The Outercurve Foundation, an open-source software foundation founded by Microsoft, announced its selection of Jim Jagielski, a co-founder of the Apache Software Foundation (ASF), as its new president.
Jagielski, who co-founded ASF and remains a member and director of the longstanding open-source organization, also has been instrumental in the evolution of Outercurve, which sought him out for his open-source expertise. Jagielski takes over as Outercurve’s president of the board of directors.
Jagielski is a driving force and developer within the open-source community. He is perhaps best known for his efforts at ASF, and he currently serves as a consulting software engineer for Red Hat, one of the most prominent open-source software pioneering companies. Jagielski’s extensive IT background includes roles as the CTO for both Zend Technologies and Covalent Technologies, and as chief architect and chief open-source officer for SpringSource.
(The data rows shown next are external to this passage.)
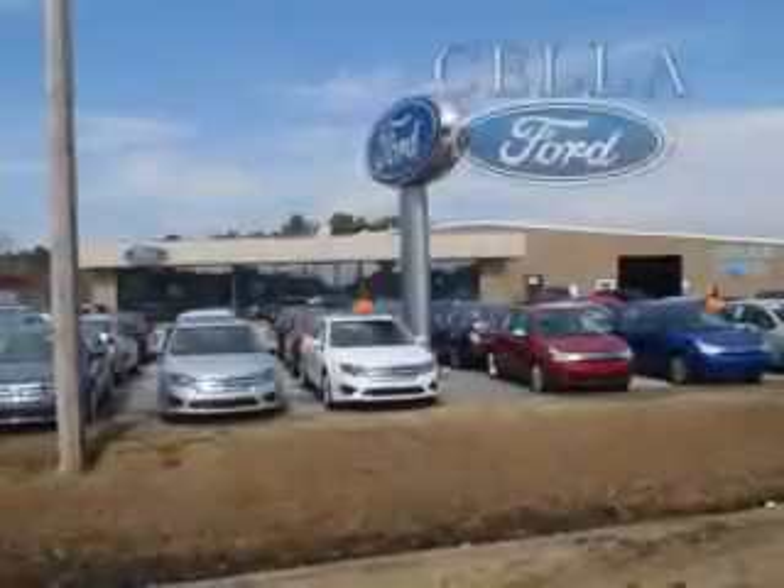See us at Sella Ford today. Sella Ford, creating customers for life.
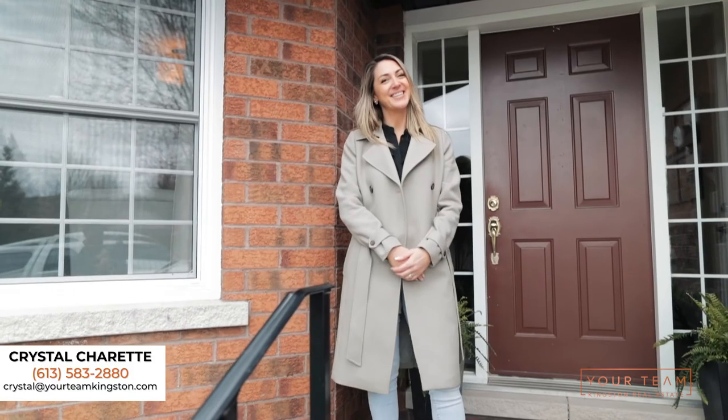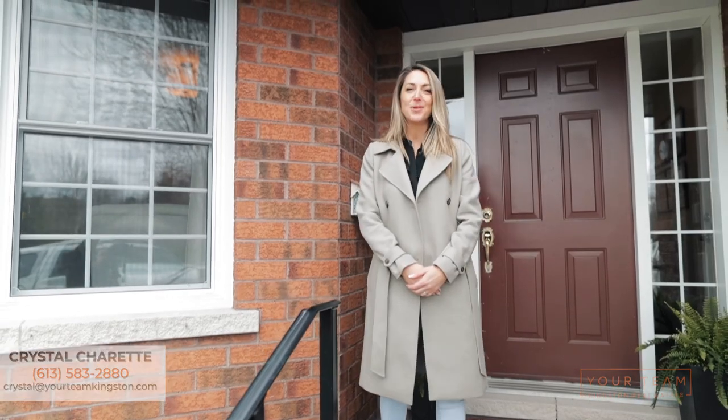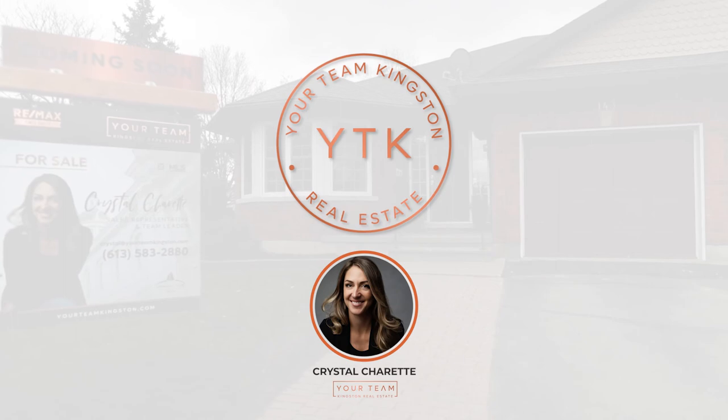Thank you again for visiting today. I am Crystal Charette from RE-MAX Finest on your Team. Please reach out if you have any questions at all.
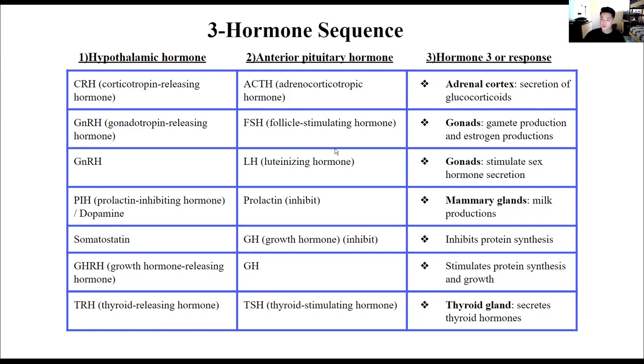Hypothalamus is not the only place where tropic hormones are released — they can also be released by the anterior pituitary gland. For example, ACTH, the adrenal corticotropic hormone. Whenever you come across a hormone name ending in 'tropic,' know that it's going to stimulate the release of another hormone — in this case, glucocorticoids or cortisol, a stress hormone.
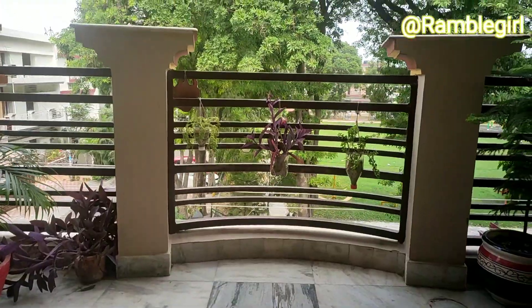Hi everyone, this is Malika and welcome back to my channel. I am back with another balcony makeover. I don't know why I have a special place for balconies in my heart — I can spend my whole day here. It connects us with the outdoors and gives us fresh air. It just needs a little creativity and an initiative, so let's come with me and see how I am using my creativity.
He is also an accomplished coder—in numerous languages—and frequent speaker and consultant on Web and cloud-related topics.
“Outercurve is changing its focus to become more of an expertise center for projects to come to for direct, hands-on help in building communities,” Jagielski told eWEEK. “The more and more we see companies and government agencies try to make the transition, the problem isn’t ‘where to host it'” or ‘which license to use,’ so much, but rather ‘How do we draw users and developers?'”
Jagielski has had a presence on the Outercurve board of directors for almost as long as the organization has been in existence. Outercurve was founded in September 2009, and Jagielski served as board secretary since March 2010. He takes over the role of president from Sam Ramji of Apigee, who held the position for the past three years. Jagielski will further strengthen the foundation’s dialog with other open-source luminaries in the same spirit of collaboration that Ramji pursued.
“This move sets a different tone publicly, because it is well-known that Sam used to work for Microsoft,” Paula Hunter, executive director of the Outercurve Foundation told eWEEK. “He’ll be focused on restructuring how we deliver services to existing projects as well as how we can do things for new projects.”
“Currently there is no real FOSS [Free and Open-Source Software] foundation that provides that information and mentoring to help projects draw users and developers,” Jagielski said in an interview. “Apache provides the incubator process which is great, but in some ways the ‘podling’ is only watched over and the mentoring is much less direct. The idea is that you provide the boundaries and let the community ‘feel’ its way, but there are some projects in which that simply doesn’t work and they need a much more proactive hand guiding them. That’s what Outercurve is moving towards: A place where the goals are providing the ‘personal’ interaction and help—and a place where the choice of license, or software repository or even governance structure doesn’t matter.”
He then added with a bit of a chuckle: “Think about all the projects hosted at Github and SourceForge and which have only a small understanding of FOSS and no real idea on how to build a community and a project: Who can they go to for that kind of help and guidance? Now they can go to Outercurve.”
Jagielski stated that his plans are to help make Outercurve one of the pre-eminent open-source foundations. “We hope to be able to provide more guidance and help to a larger group of people, and to expand our presence at related conferences and summits,” he said in a statement. “I am extremely excited to continue as a director for Outercurve, and to accept the position as president,” Jagielski said. “I feel that Outercurve is not only ideally suited to be the central clearinghouse for open-source governance and community expertise, but is also the only foundation which makes this a prime objective.”
The directors voted on the full slate of officers, including Tony Hey, of Microsoft as vice president, Sam Ramji, of Apigee as secretary, and Gianugo Rabellino, of Microsoft Open Technologies as treasurer.
Ramji told eWEEK he views the choice of Jagielski as president of Outercurve as “outstanding,” adding, “I have learned a ton from Jim and plan to learn more as he takes on the leadership role for the Outercurve Foundation.”
Meanwhile, Rabellino said he is “very happy” about Jagielski’s new role and is looking forward to working with him as leader. “Jim’s a great leader to pilot Outercurve, and an extra cool guy in my book.”